Goal of the exercise: Retype all of the data word for word, without pictures.
☆ ☆ ☆ ☆ ☆
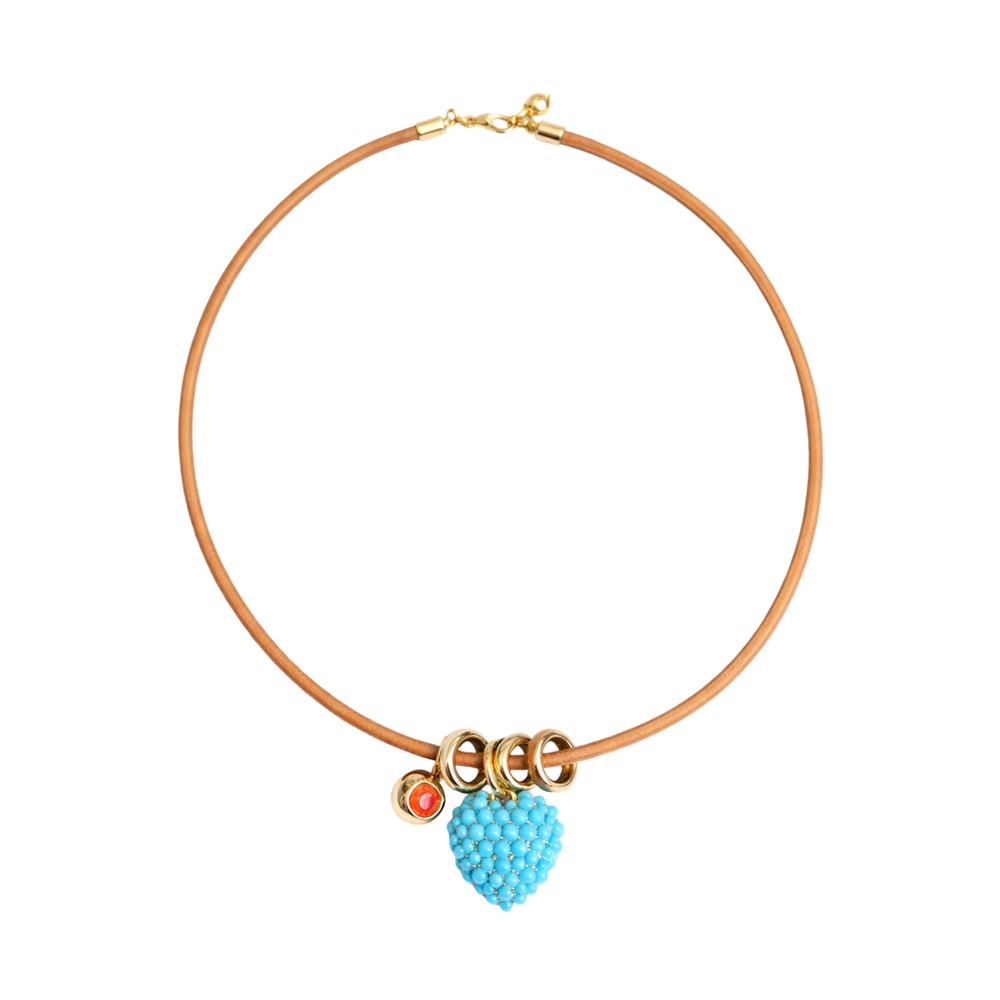 Roxanne Assoulin Women's Blue/Gold Leather Stone Slider Charm Necklace - Multi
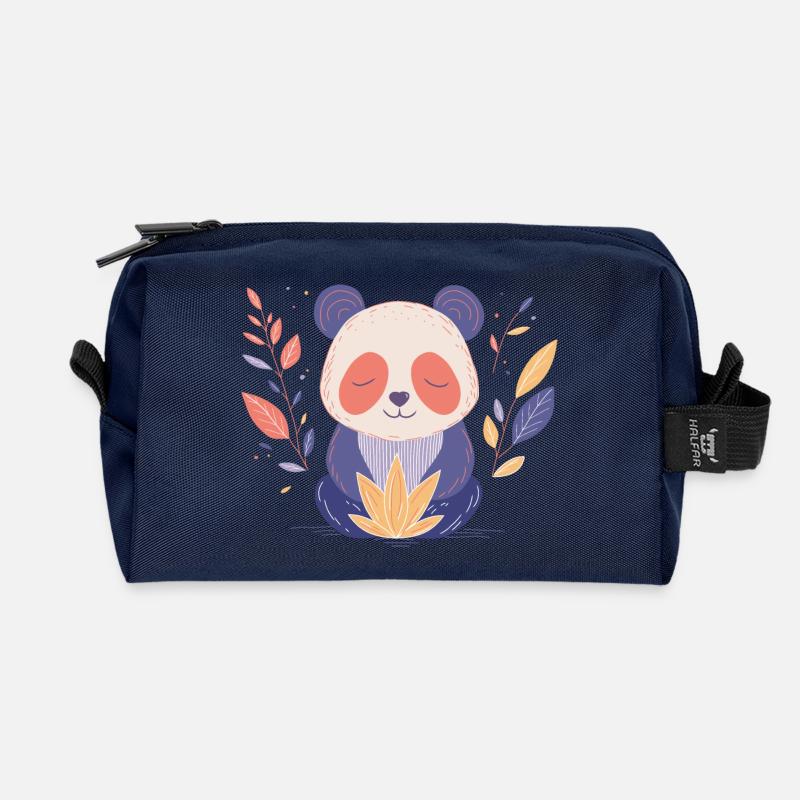 Yogi Panda - Recycled Toiletry Zip Bag - navy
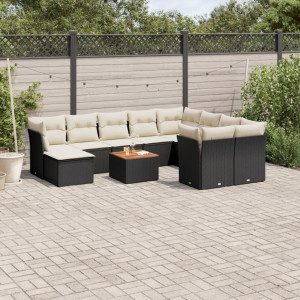 vidaXL 11-delige Loungeset met kussens poly rattan zwart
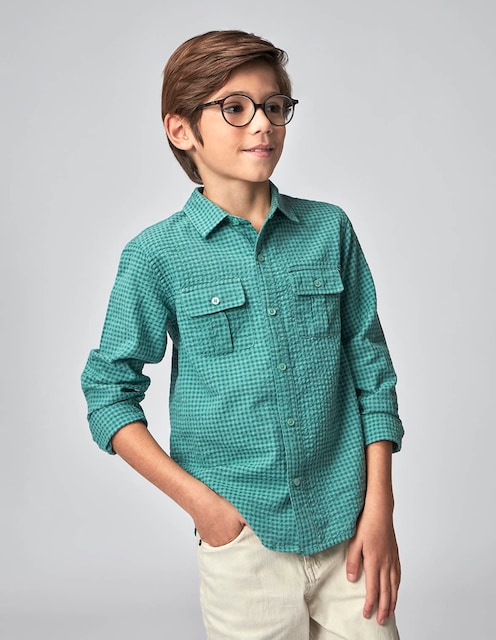Imagem 0 de Camisa Infantil aos Quadrados Vichy com Bolsos no Peito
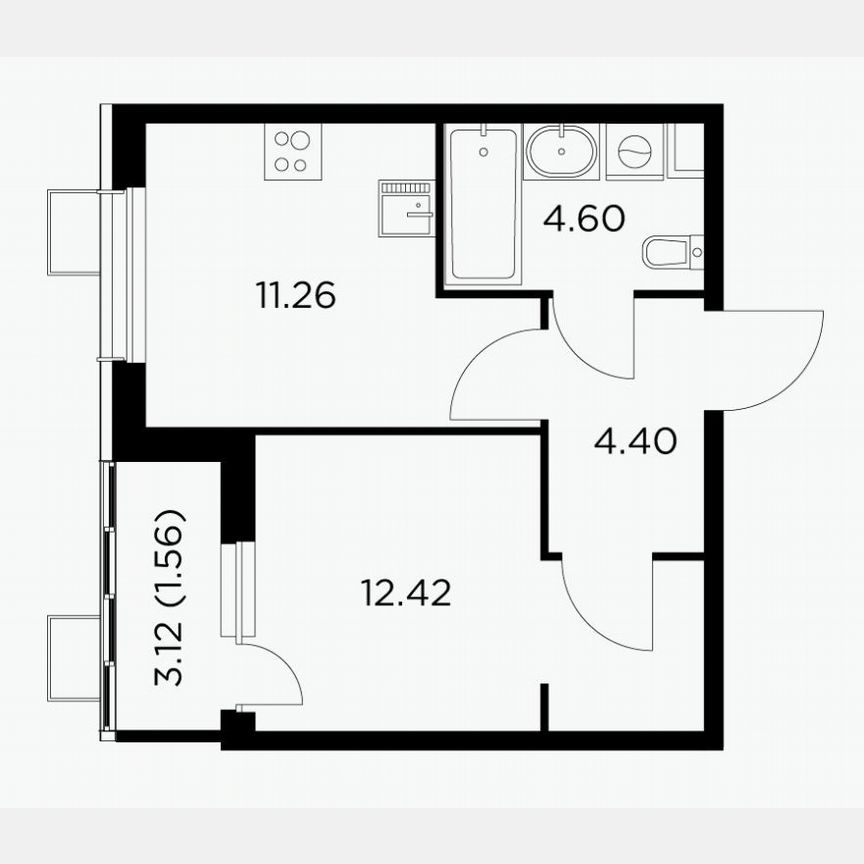 1-к. квартира, 34,2 м², 15/15 эт.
☆ ☆ ☆ ☆ ☆
Solution below:
 Roxanne Assoulin Women's Blue/Gold Leather Stone Slider Charm Necklace - Multi
 Yogi Panda - Recycled Toiletry Zip Bag - navy
 vidaXL 11-delige Loungeset met kussens poly rattan zwart
Imagem 0 de Camisa Infantil aos Quadrados Vichy com Bolsos no Peito
 1-к. квартира, 34,2 м², 15/15 эт.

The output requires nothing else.